Ismail pointed that resumption of the dialogue aimed at lifting the economic embargo on the Sudan, and reaching understandings and agreement leading to establish relations based on mutual respect “and common interests between Khartoum and Washington”.
The United States has imposed economic sanctions against Sudan since 1997 and has frozen all Sudan’s government assets in USA.
Last Sunday, U.S. President-elect Donald Trump adviser for Africa and the Middle East Walid Phares said “There is no reason for why we and our European allies lifting the sanctions.

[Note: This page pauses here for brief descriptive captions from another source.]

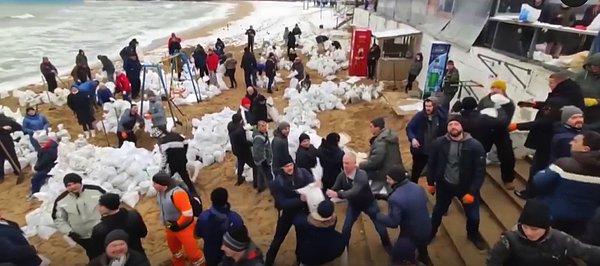 17.14: Ukrayna'nın Odessa kentinde halk, Rusya'nın denizden çıkarmasına karşı sahile kum torbalarıyla barikat kurmaya başladı.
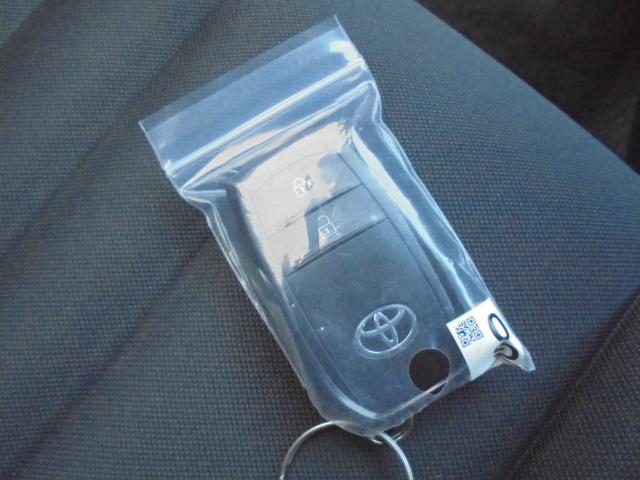 ヤリス Ｇ　登録済未使用車　純正コネクテッドナビ対応ディスプレイオーディオＴＶ＋パノラミックビューモニター　スマートキー２本　エンジンプッシュスタート　ＥＴＣ（未セットアップ）　オートライト　衝突被害軽減ブレーキ（56枚目）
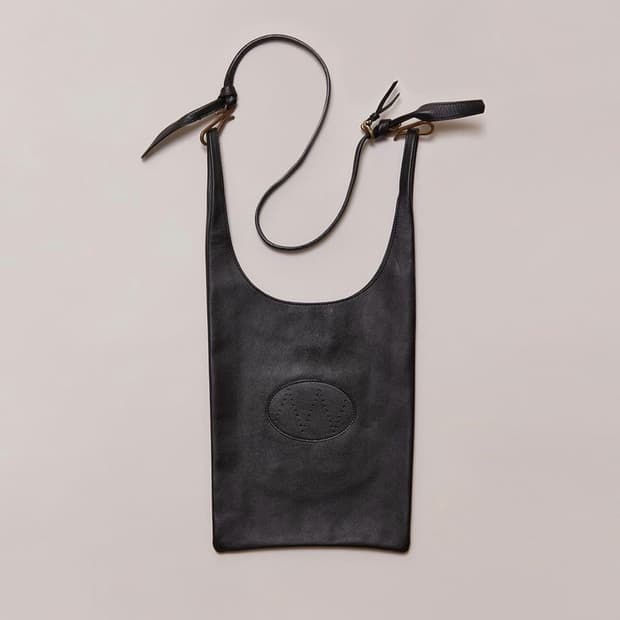 나이스네스 niceness LOWE 블랙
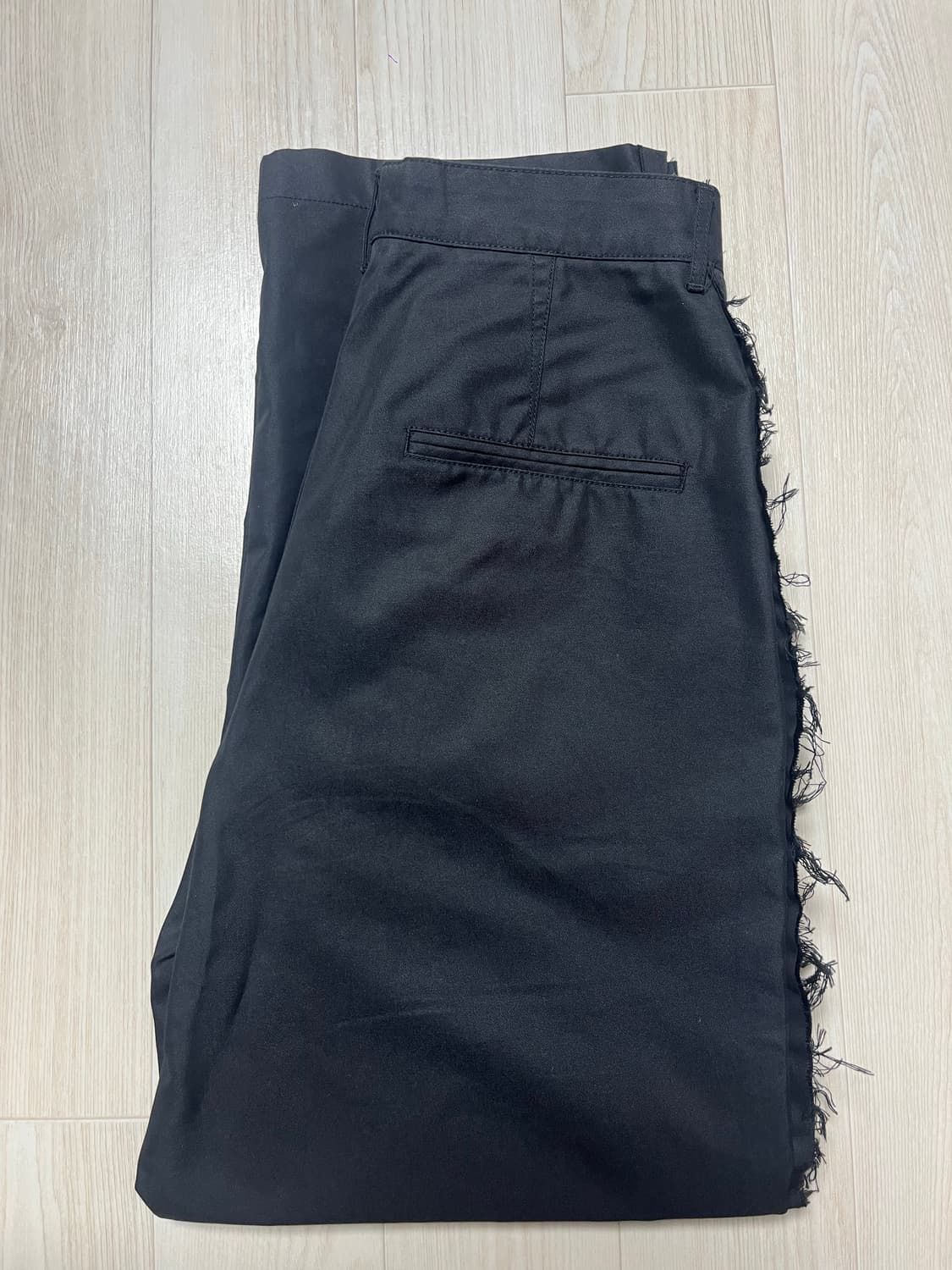 [언어펙티드]RAW EDGE CUT CHINO PANTS (BLACK) 상품이미지9
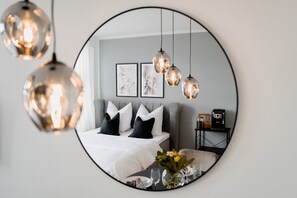 4 chambres, bureau, Wi-Fi, literie fournie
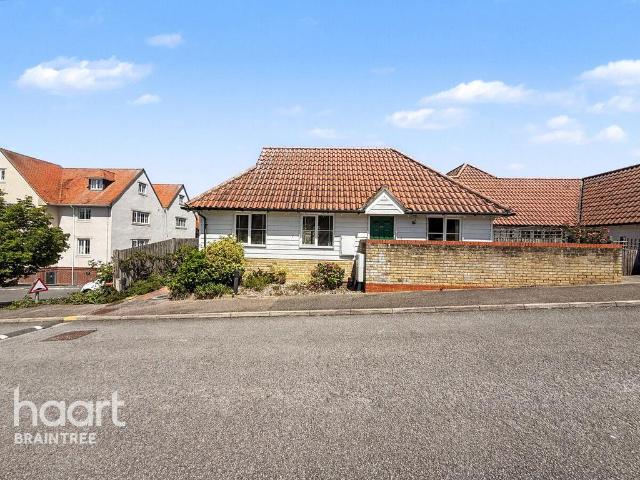 Bungalow for sale in Chipping Hill, Essex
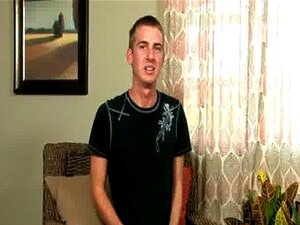 Аарон је врући свеж пастув који жели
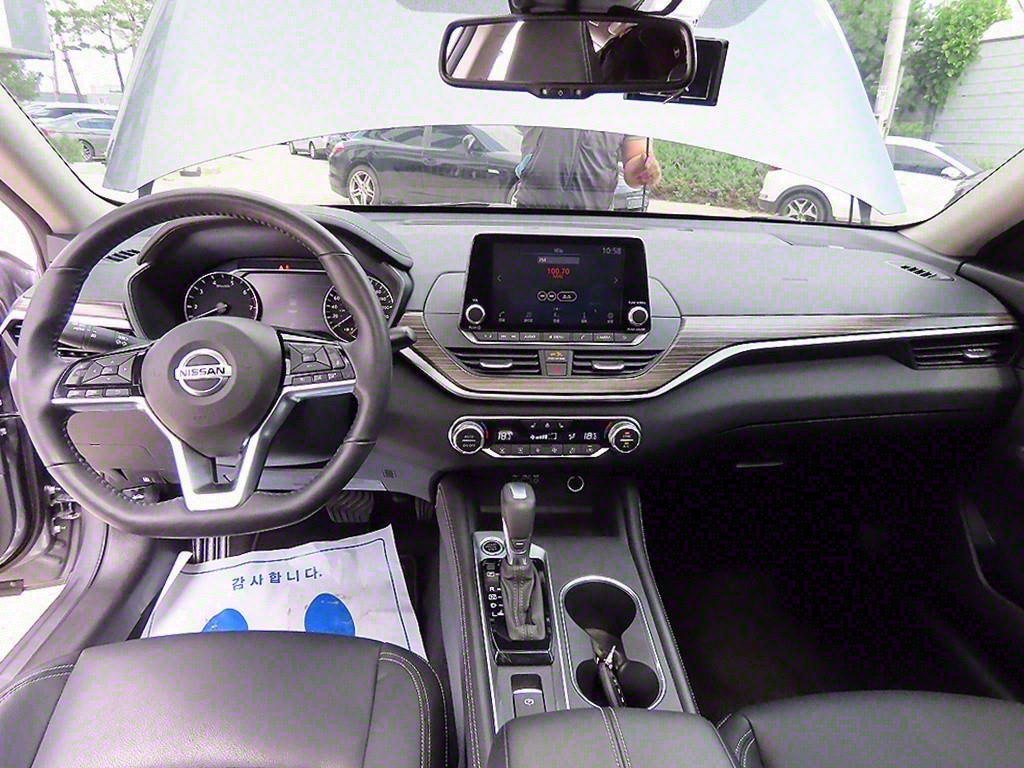 Nissan Altima - Vista 7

Lifting the sanctions on Bashir’s regime is not acceptable”.
In a telephone call to American-Sudanese from the Nuba Mountains area of South Kordofan State before the presidential election, Phares said that if Trump is elected his administration would appeal to the international community to start putting a policy that would address and stop the “drama” of Sudan and South Kordofan particularly.
According to the semi-official Sudan Media Centre (SMC), the Sudanese diplomat expected that relations with America would head in the right direction during coming period. he stressed that Sudan extends its hand to complete the previous understanding with US, pointing to the cooperation between Khartoum and Washington on political and security issues.
The Sudanese minister called to be objective when it comes to discuss normalization process , “the relations with the United States must be based on equality and common interests,” he said.
Last October, President Barak Obama extended Sudan’s sanction for another year saying that actions and policies of the Sudanese government continue to pose an unusual and extraordinary threat to the national security and foreign policy of the United States”.
In the past, Washington promised Khartoum to lift sanctions after implementation of the Comprehensive Peace Agreement (CPA) of 2005, which led to the secession of South Sudan in 2011, but later demanded Sudan’s government to put an end to Darfur crisis and the conflict in South Kordofan and Blue Nile states.